EXERCISE DETAILS
Output, exactly as written, the lines below starting at the line containing "ハイブリッドXS デュアルセンサーブレーキサポート2 マイルドハイブリッド" and ending at the line containing "VR 3D Headset". Drop the pictures and keep both end lines.

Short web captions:
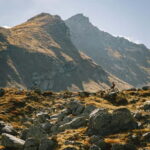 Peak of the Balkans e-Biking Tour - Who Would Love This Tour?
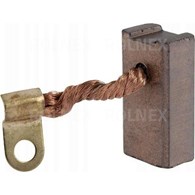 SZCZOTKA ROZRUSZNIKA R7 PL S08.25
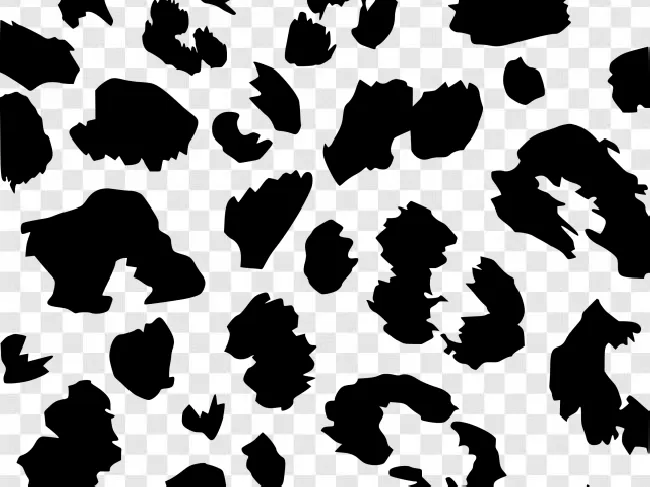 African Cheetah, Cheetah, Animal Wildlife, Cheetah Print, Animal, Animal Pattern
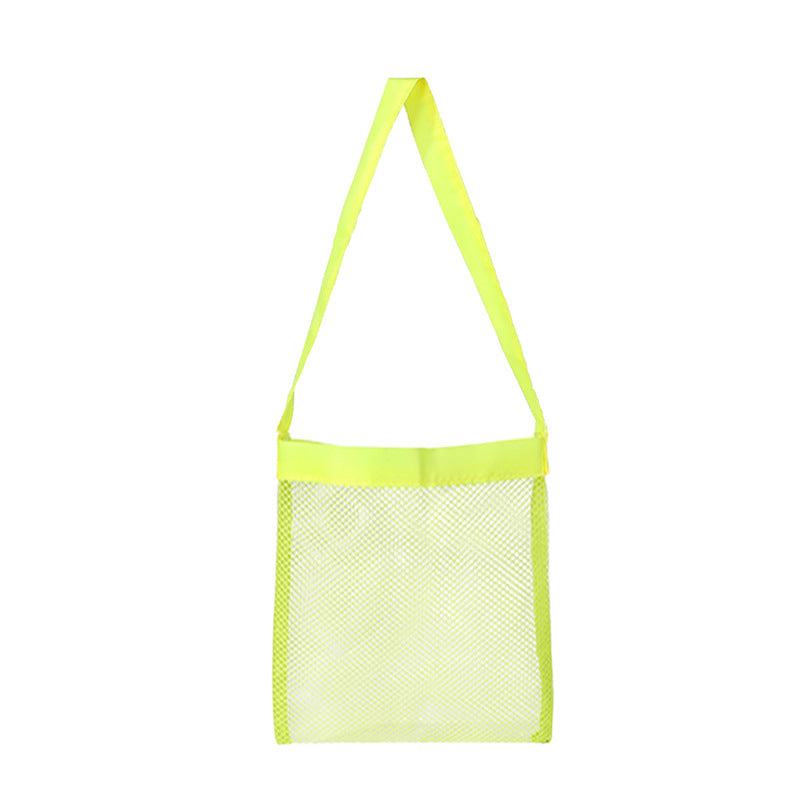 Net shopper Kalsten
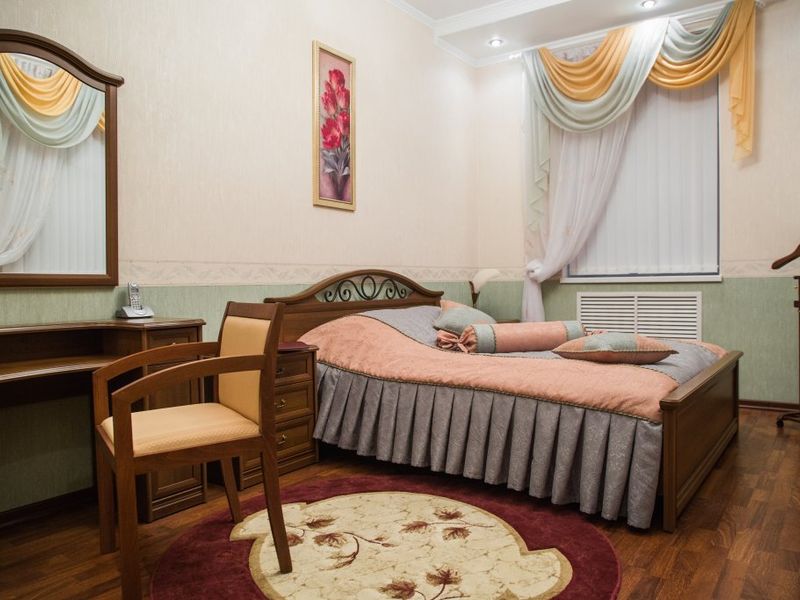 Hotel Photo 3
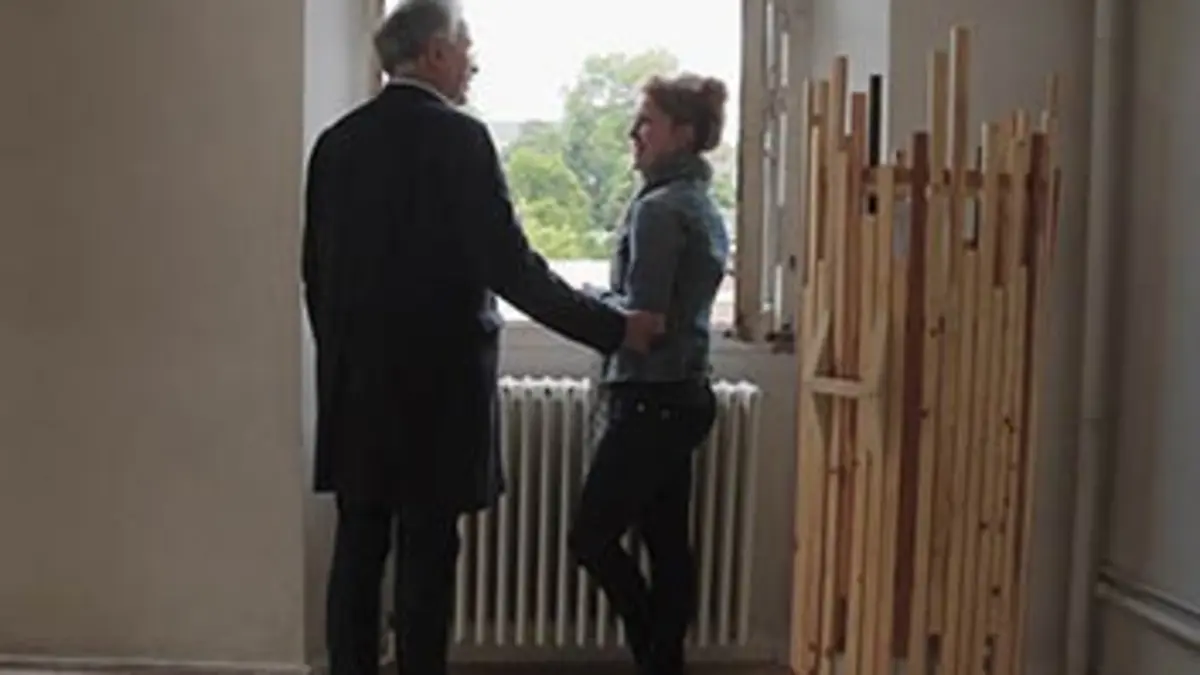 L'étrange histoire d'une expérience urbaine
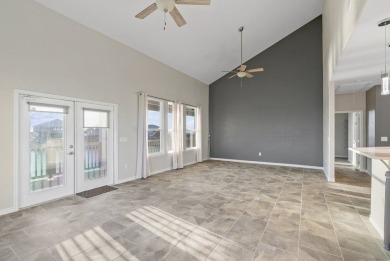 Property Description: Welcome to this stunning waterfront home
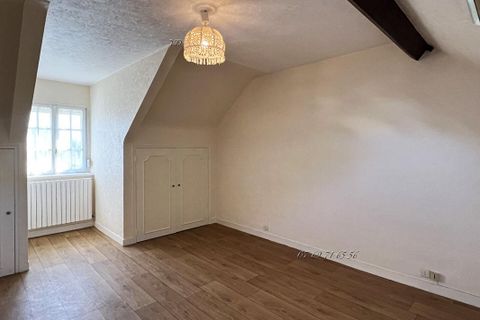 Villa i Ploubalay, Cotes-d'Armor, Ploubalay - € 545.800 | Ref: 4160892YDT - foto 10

* * *

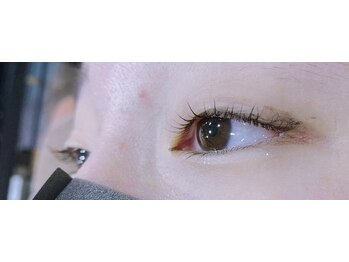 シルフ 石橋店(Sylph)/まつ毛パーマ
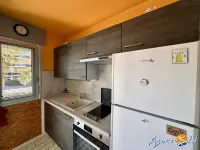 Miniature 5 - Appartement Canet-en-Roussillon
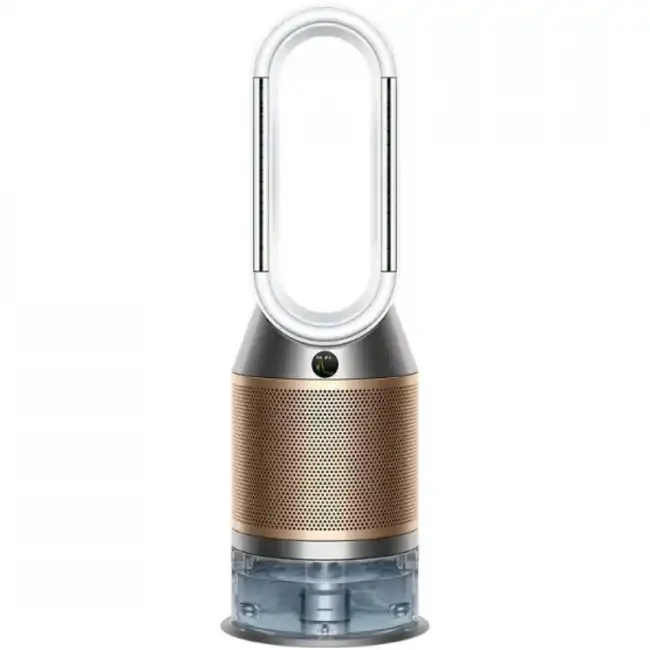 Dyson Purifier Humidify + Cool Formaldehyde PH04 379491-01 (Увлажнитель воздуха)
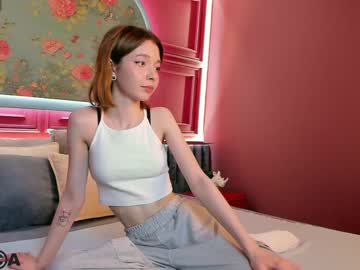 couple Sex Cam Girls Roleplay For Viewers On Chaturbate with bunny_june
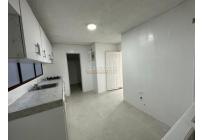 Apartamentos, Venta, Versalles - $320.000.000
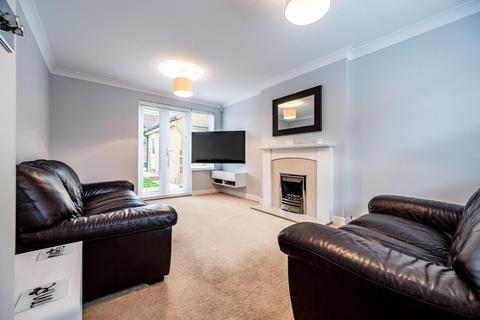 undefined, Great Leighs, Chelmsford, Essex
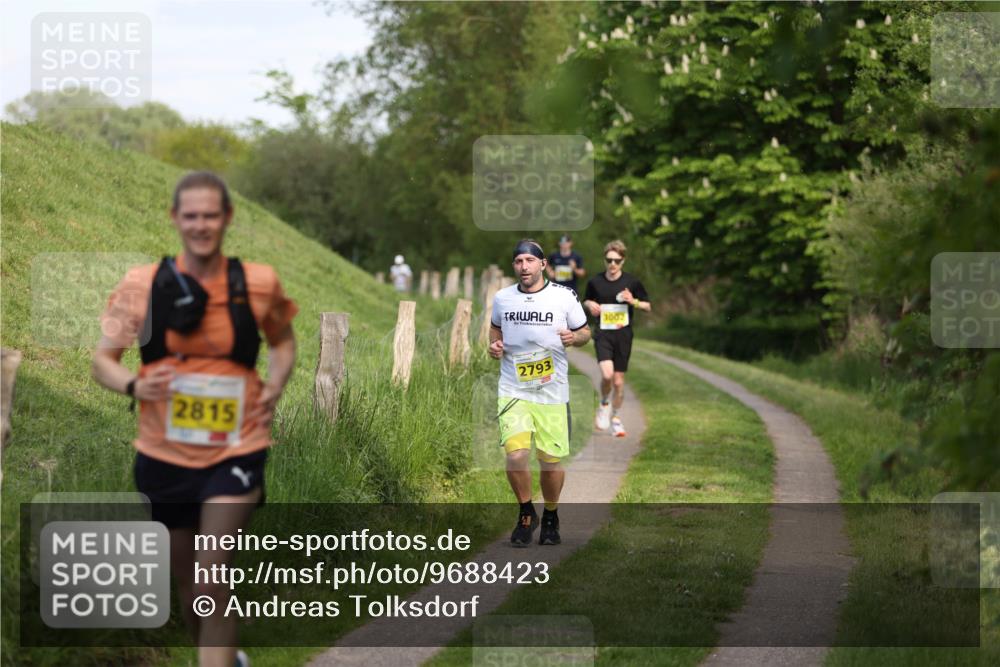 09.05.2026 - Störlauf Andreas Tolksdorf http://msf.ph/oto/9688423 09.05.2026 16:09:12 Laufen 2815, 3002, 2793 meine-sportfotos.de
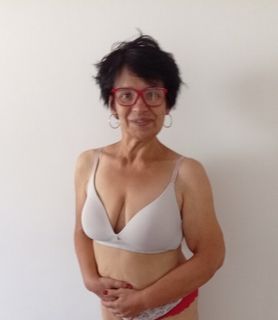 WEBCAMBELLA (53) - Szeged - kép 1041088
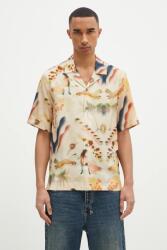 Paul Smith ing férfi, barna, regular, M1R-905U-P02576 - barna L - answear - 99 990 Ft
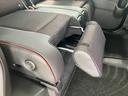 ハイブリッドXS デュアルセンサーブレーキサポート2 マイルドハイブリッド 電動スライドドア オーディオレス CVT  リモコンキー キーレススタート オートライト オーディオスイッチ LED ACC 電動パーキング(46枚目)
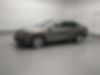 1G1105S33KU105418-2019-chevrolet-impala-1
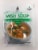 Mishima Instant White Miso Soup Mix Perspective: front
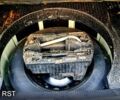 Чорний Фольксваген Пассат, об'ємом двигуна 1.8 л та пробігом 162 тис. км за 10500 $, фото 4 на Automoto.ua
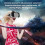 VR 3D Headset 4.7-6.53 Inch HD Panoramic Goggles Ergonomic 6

TASK RESULT
 ハイブリッドXS デュアルセンサーブレーキサポート2 マイルドハイブリッド 電動スライドドア オーディオレス CVT  リモコンキー キーレススタート オートライト オーディオスイッチ LED ACC 電動パーキング(46枚目)
 1G1105S33KU105418-2019-chevrolet-impala-1
 Mishima Instant White Miso Soup Mix Perspective: front
 Чорний Фольксваген Пассат, об'ємом двигуна 1.8 л та пробігом 162 тис. км за 10500 $, фото 4 на Automoto.ua
 VR 3D Headset 4.7-6.53 Inch HD Panoramic Goggles Ergonomic 6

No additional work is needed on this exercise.